Short text fragments from websites

* * * * * * * * *

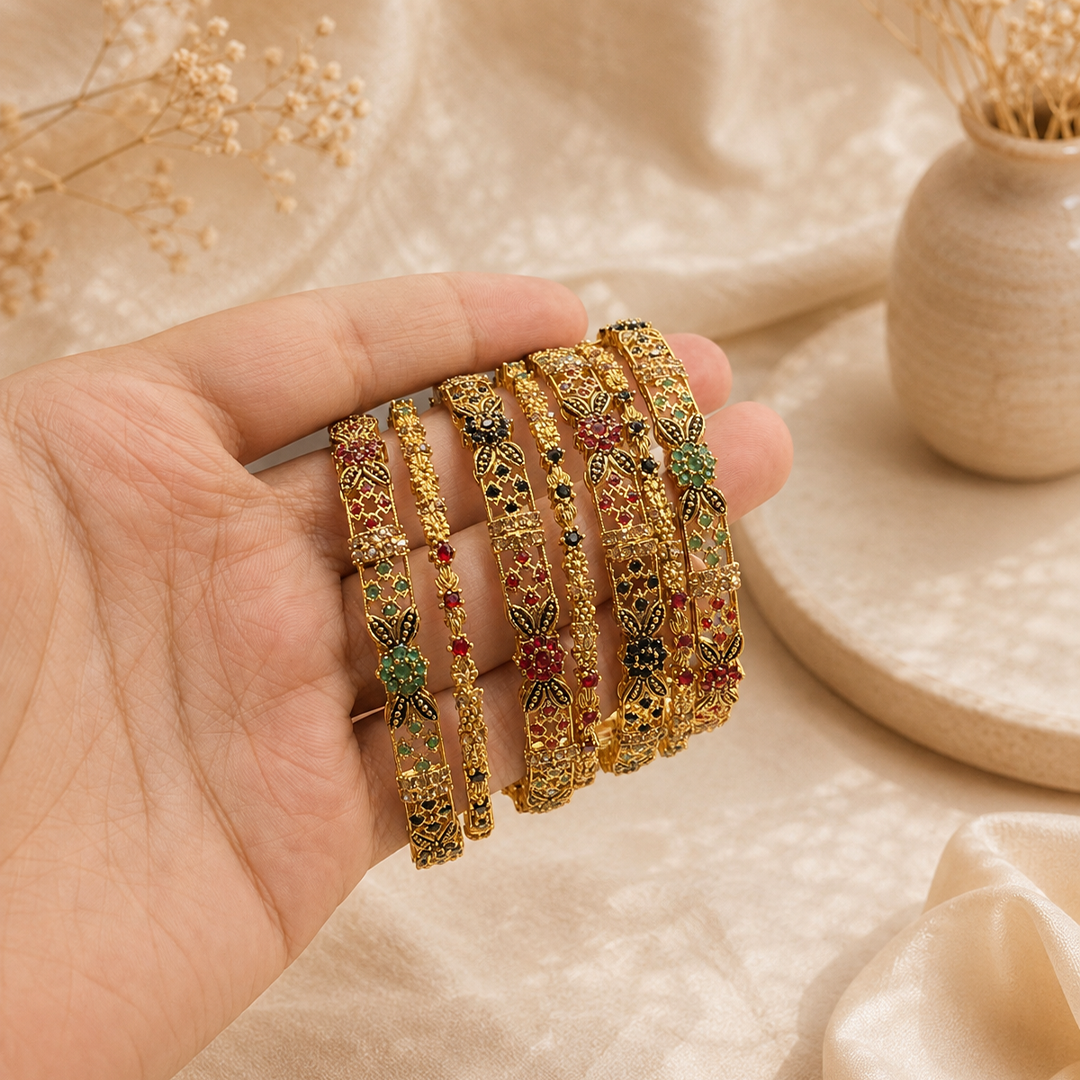 Manjoos Bangles Set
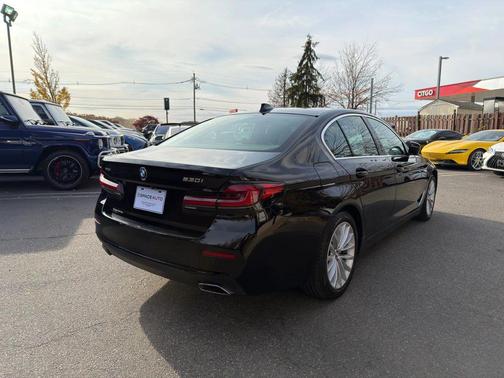 2022 BMW 530 i xDrive
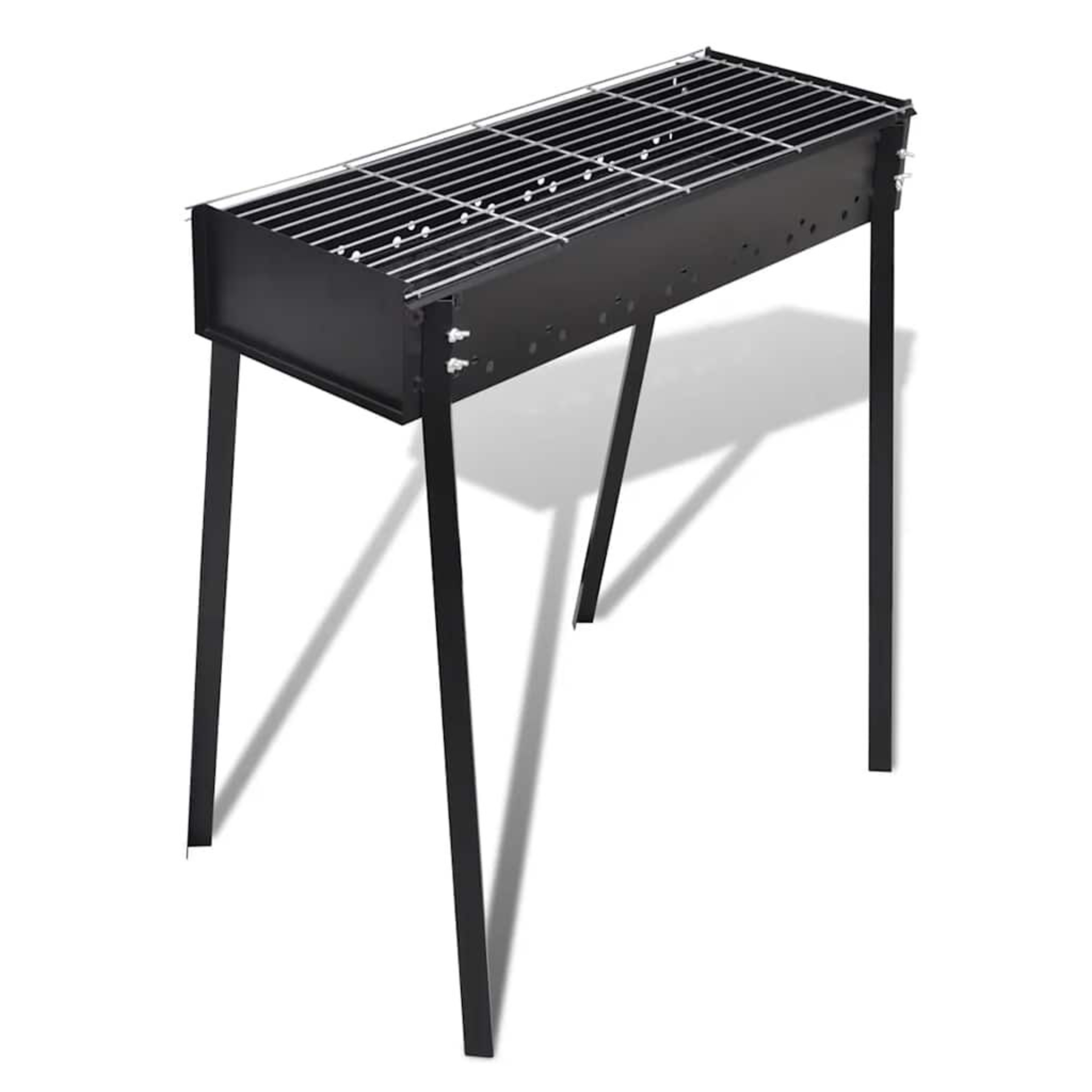 Schwarzer Metallgrill mit Beinen auf weißem Hintergrund, Schatten sichtbar.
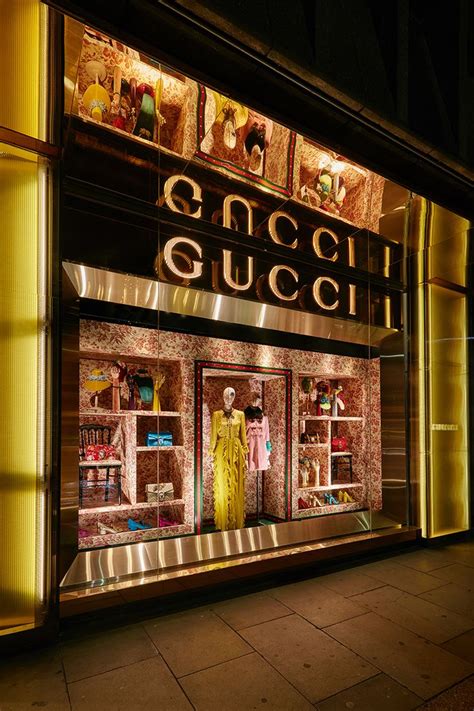 Gucci Holiday 2016 Fashion Window Display Luxury Window Display Store Window Displays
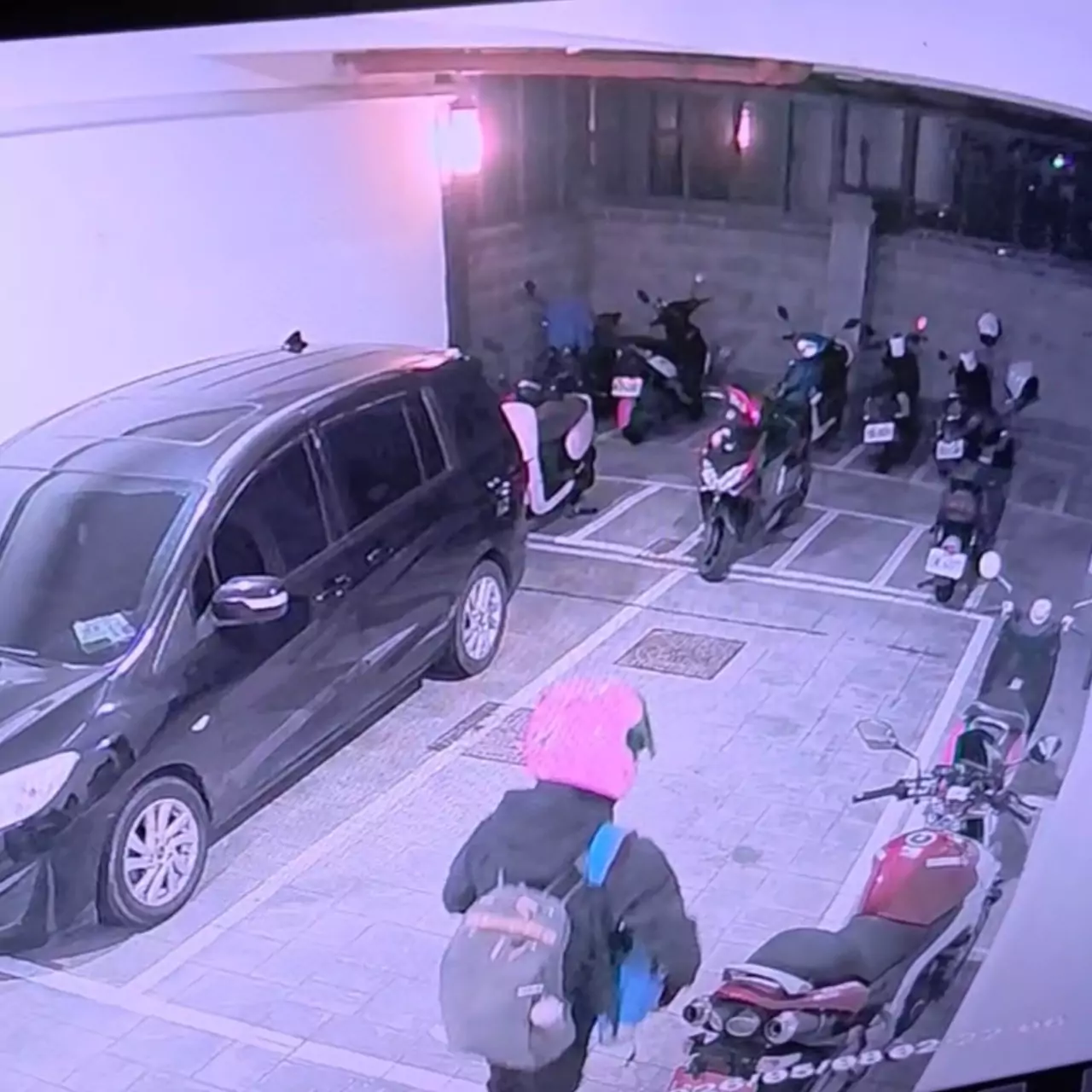 太囂張!大園男子機車鑰匙遭竊 賊兩天後重回現場直接推走 太囂張!大園男子機車鑰匙遭竊 賊兩天後重回現場直接推走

* * * * * * * * *

→ ABOUT THIS TASK
Skipping all images, print the data above a second time exactly.

→ ANSWER BOX
 Manjoos Bangles Set
 2022 BMW 530 i xDrive
 Schwarzer Metallgrill mit Beinen auf weißem Hintergrund, Schatten sichtbar.
 Gucci Holiday 2016 Fashion Window Display Luxury Window Display Store Window Displays
 太囂張!大園男子機車鑰匙遭竊 賊兩天後重回現場直接推走 太囂張!大園男子機車鑰匙遭竊 賊兩天後重回現場直接推走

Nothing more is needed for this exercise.